Many organizations are having their study teams begin with considering core parameters that may require QTLs for a significant number of studies. They then require the teams to consider if there are study specific parameters that may also warrant QTLs.


Q35)    Will QTLs be part of TransCelerate’s initiative to standardize across the pharma industry?

We are not in a position to speculate on TransCelerate initiatives.


Q36)    Does Avoca know of any AQC Member companies that have submitted QTLs for FDA acknowledgement prior to start of trial? What is the best way to link Risk Assessment Categorization (RACT) critical data and processes and mitigations to KRIs? Furthermore, is it expected that the RACT high-risk line items be monitored by KRIs, and that their mitigation should match?

We are aware of companies that have submitted parameters and QTLs to the FDA, but we are not aware of the timing relative to obtaining FDA acknowledgement prior to study start. RACT by design should map critical risks to KRIs that serve as metrics to trigger mitigations. RACT high risk items are usually monitored by KRIs, and predefined mitigations are implemented based on trigger thresholds.

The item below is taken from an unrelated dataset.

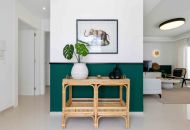 Venta - Apartamentos - Ciudad Quesada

Q37)    For the QTL planning and leading, our organization actually has a Clinical Risk Management Lead that is planning/implementing this process. We work with all of the noted stakeholders noted in the poll when choosing the QTLs.

This is an effective option.


Q38)    Practically, where are investigations to exceeded QTLs or alert limits documented during the course of the study?

These may be documented within a RACT tool and issues log or other project tracking tool.


Q39)    Do QTLs depend on available resources? If resources are unlimited, everything could be monitored. RBM software monitors many more parameters than 3-5 as you recommend.

QTLs need to be selected based on the key few that most effectively characterize key risks for your trial that need to be monitored to ensure data interpretability or patient safety. Regulators do not want unlimited numbers of QTLs but rather the key few that matter most. Levels of available resources should not matter in selecting a key few QTLs (3-5).


Q40)    Have regulatory agencies inspected sponsors yet on the use of QTLs?

There are anecdotal accounts of regulators setting expectations when on site at sponsors that they will be assessing Quality Management Systems and QTLs per ICH E6 (R2) for future inspections; however, the AQC has not yet received confirmation of actual inspections against QTLs. Since the regulations became effective for many agencies in 2017, we anticipate a lag in actual inspections against the regulations, so the AQC is monitoring this closely.


Q41)    When planning QTLs at the beginning of a trial, how do you know what limit should be a QTL versus a secondary limit?

The QTL is most likely the point at which patient safety or data interpretability are actually impacted. Secondary limits are lower thresholds whereby mitigations may be taken to minimize the probability that a QTL will be reached or to minimize the implications should a QTL be reached.


Q42)    Why should we limit QTLs to not more than 5 per study? Are exceptions possible?

Regulatory agencies desire that sponsors use QTLs to focus on the most impactful risks to patient safety or interpretability of data (i.e., risks that matter most). They desire that these receive focus during study conduct and be succinctly described in the Clinical Study Report (CSR). There may be valid situations when a study should have more than 5 QTLs.


Q43)    What if mitigations are implemented when the secondary limit is reached but the QTL is still reached?

If mitigations implemented when secondary limits are reached and these mitigations are not successful in preventing the QTL being reached, then appropriate steps should be taken as predefined when the QTLs were established.